Date of Award
Department of Computer Science
Adversarial examples consist of minor perturbations added to a model's input which cause the model to output an incorrect prediction. Deep neural networks have been shown to be highly vulnerable to these attacks, and this vulnerability represents both a security risk for the use of deep learning models in security-conscious fields and an opportunity to improve our understanding of how neural networks generalize to unexpected inputs. Transfer attacks are an important subcategory of adversarial attacks. In a transfer attack, the adversary builds an adversarial attack using a surrogate model, then uses that attack to fool an unseen target model. Recent research in this subfield has focused on attack generation methods which can improve transferability between models and ensemble-based attacks. We show that optimizing a single surrogate model is a more effective method of improving adversarial transfer, using the simple example of an undertrained surrogate.

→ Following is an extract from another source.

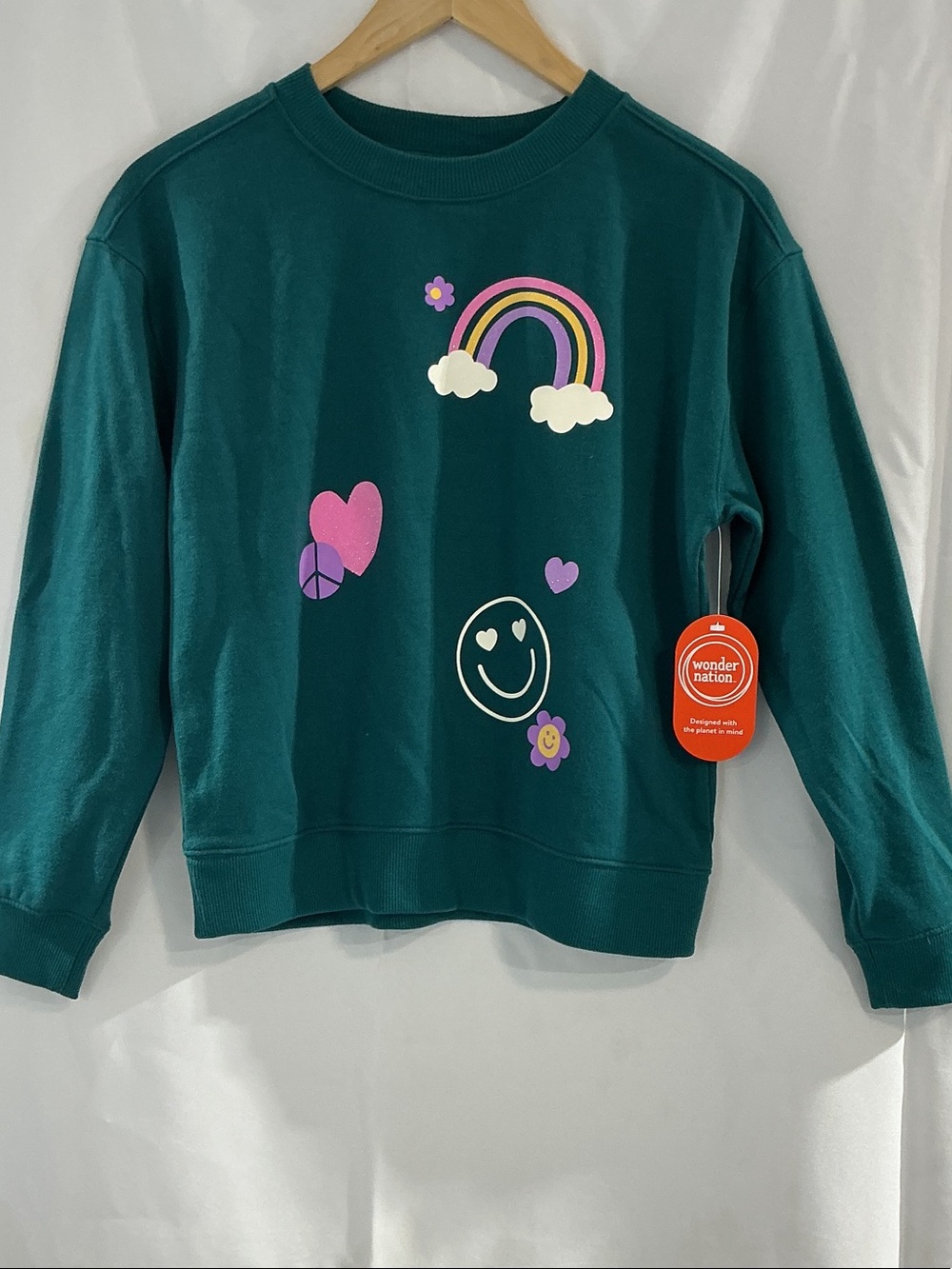 wonder nation Teal Crewneck Sweatshirt with Rainbow, Smiley & Heart Graphics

This method of attack generation transfers well across varied architectures and outperforms state-of-the-art methods. To interpret the effectiveness of undertrained surrogate models, we represent adversarial transferability as a function of surrogate model loss function curvature and surrogate gradient similarity to target gradient and show that our approach reduces the presence of local loss maxima which hinder transferability. Our results suggest that finding good single surrogate models is a highly effective and simple method for generating transferable adversarial attacks, and that this method represents a valuable route for future study in this field.
Miller, Christopher S., "Query Free Adversarial Transfer via Undertrained Surrogates" (2020). Dartmouth College Undergraduate Theses. 156.